Well, all those debates about the NBA’s best backcourt can probably come to an end.
The Houston Rockets and Los Angeles Clippers have reportedly agreed to a massive league-altering move, with Chris Paul headed to Houston in exchange for Patrick Beverley, Sam Dekker, Lou Williams, Montrezl Harrell, Kyle Wiltjer, DeAndre Liggins, Darrun Hilliard and a first-round pick.

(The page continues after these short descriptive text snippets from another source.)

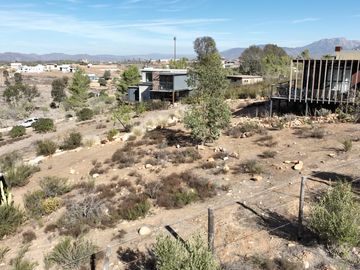 2500 m2  con 2 CABAÑAS EN VALLE DE GUADALUPE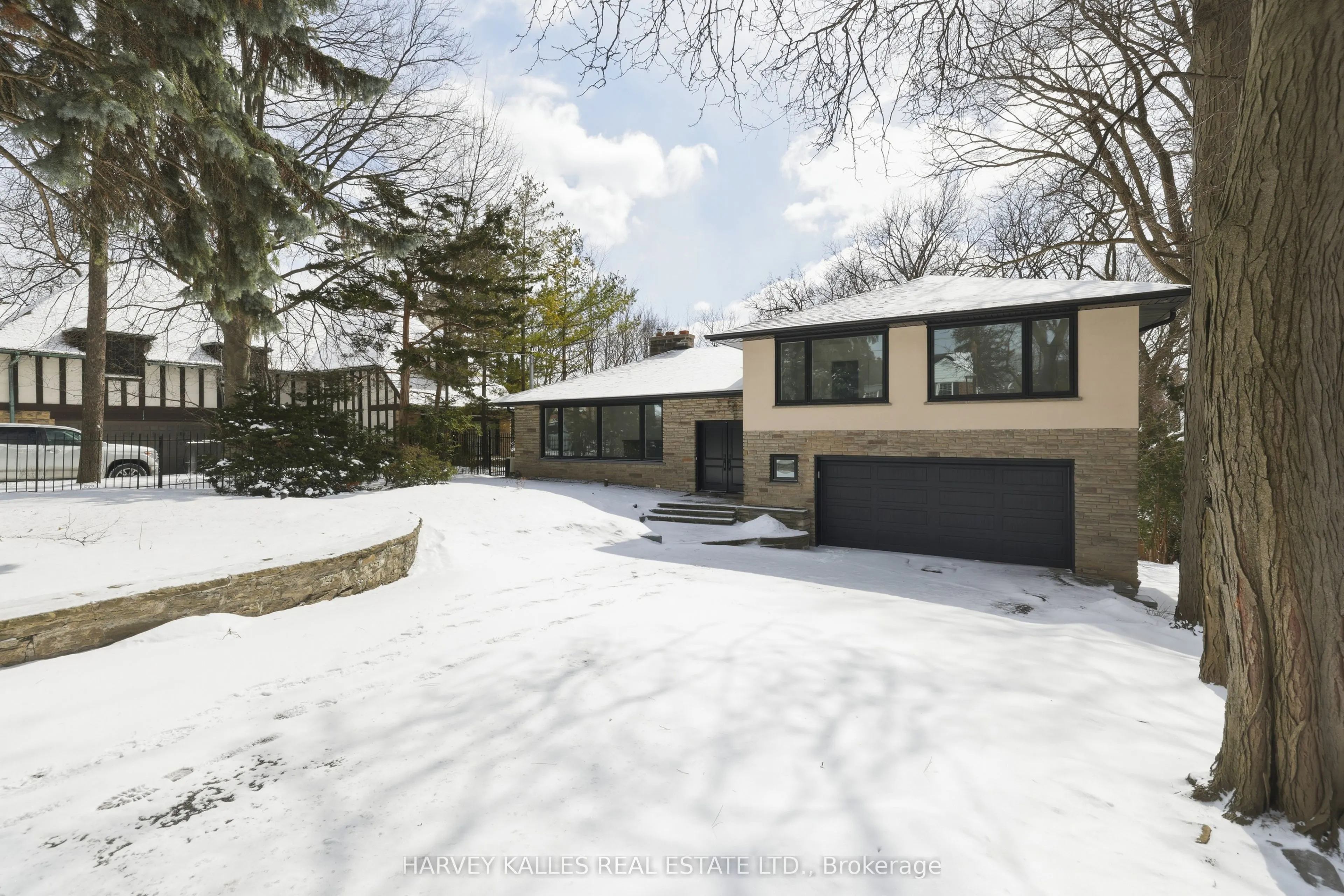 537 Blythwood Road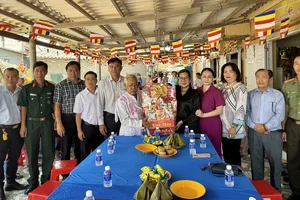 Lãnh đạo xã Long Hải tặng quà, chúc tết đồng bào Khmer đang sinh sống tại ấp Hải Phong 1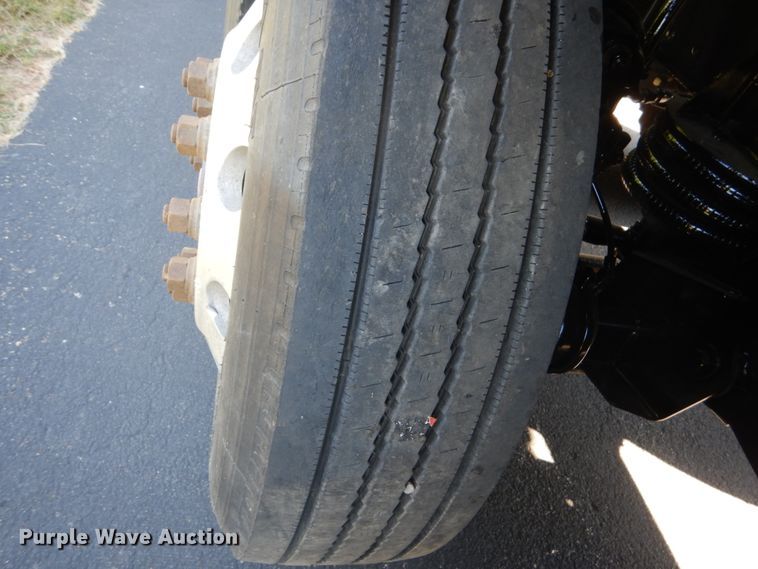 image for item FT9022 2005 Mack Granite  grapple truck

The Vertical’s Adrian Wojnarowski was the first to drop the bomb and eventually had the complete details of the swap:
CP3, who has been one of the league’s premier point guards for the last decade, joins James Harden, who made the move over to point guard last year and responded with a monster year, a first-team All-NBA nod and a second-place finish in MVP voting. Arguably two of the league’s three best point guards (they finished last year fifth and ninth in the league in PER, respectively) will now man the same backcourt, giving Houston an undeniably frightening starting lineup:
PG: Chris Paul, Isaiah Taylor, Tim Quarterman (via trade with Portland)
SG: James Harden, Eric Gordon
SF: Trevor Ariza
PF: Ryan Anderson, Shawn Long (via trade with Philadelphia) Ryan Kelly (via trade with Atlanta)

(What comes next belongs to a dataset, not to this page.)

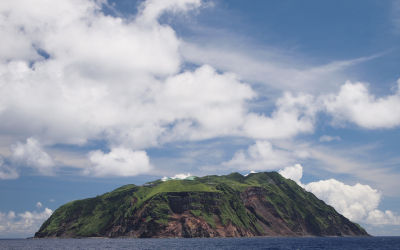 Aogashima island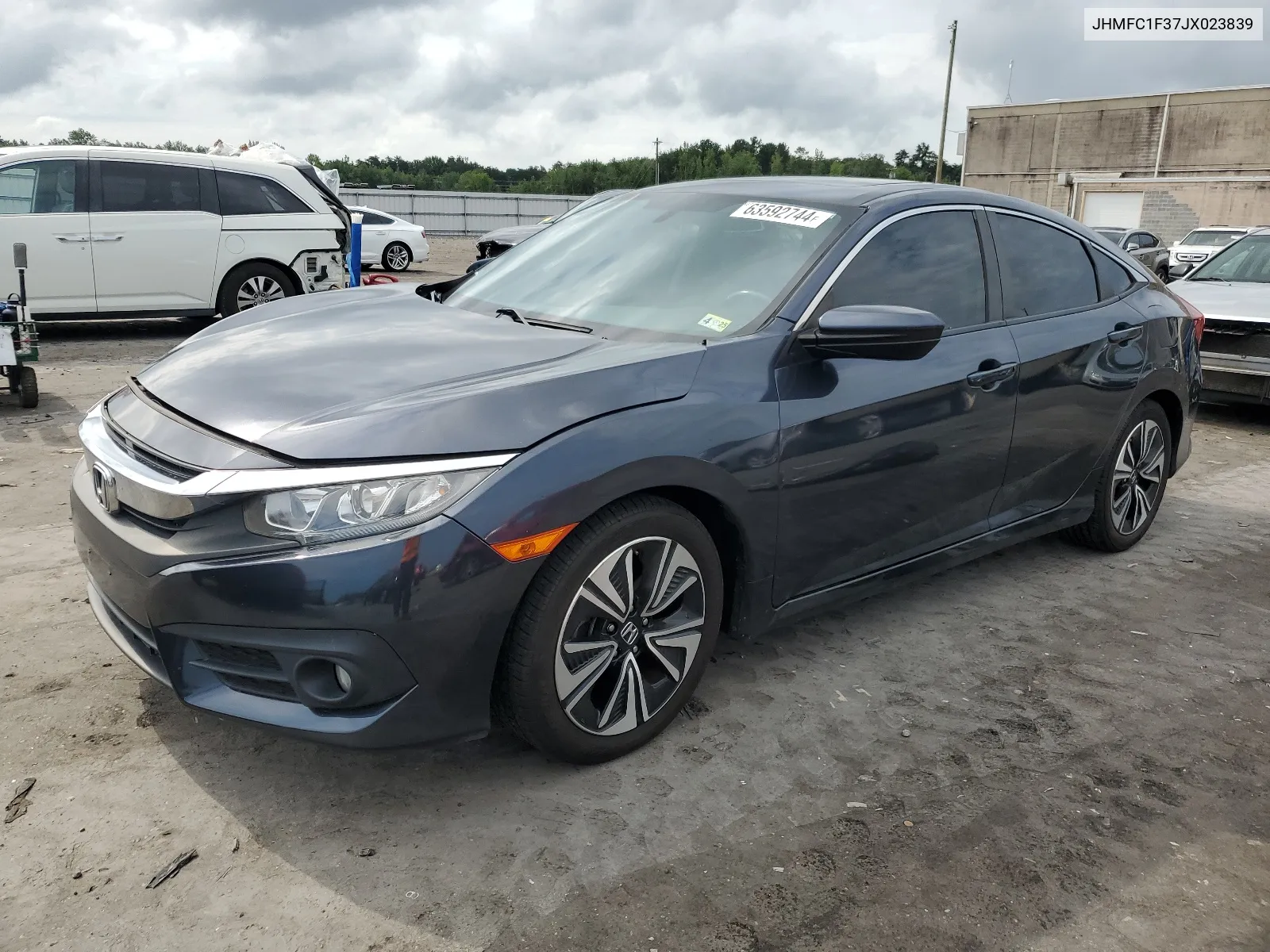 JHMFC1F37JX023839 2018 Honda Civic Ex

C: Clint Capela, Chinanu Onuaku
Free Agents: Nene, Bobby Brown, Troy Williams
So, you take what was the NBA’s second-most efficient offense last year and you add arguably the best floor general in the Association to the mix.
It will be interesting to see how Paul and Harden co-exist, but having two ball-handlers and two point guards in Mike D’Antoni’s up-tempo, pace-and-space offense is, at the very least, an exciting proposition. While they’ll both need to sacrifice some touches (they were both Top 10 last year), the presence of Paul takes some pressure off Harden–who was already second in the NBA in scoring last year–while Trevor Ariza, Ryan Anderson and Eric Gordon should see even more open looks than they did last year when the Rockets set an NBA record for three-pointers made in a season.
Defensively, while Paul isn’t nearly as aggressive or annoying as Beverley, he has consistently averaged over 2.0 steals per game and has been named to nine All-Defensive NBA teams. And ultimately, with this kind of offensive firepower inside D’Antoni’s already difficult-to-contain system, the Rockets only need to be average defensively to be a 60-win team.
The Warriors still have to be considered the class of the West, but Houston is quickly narrowing the gap.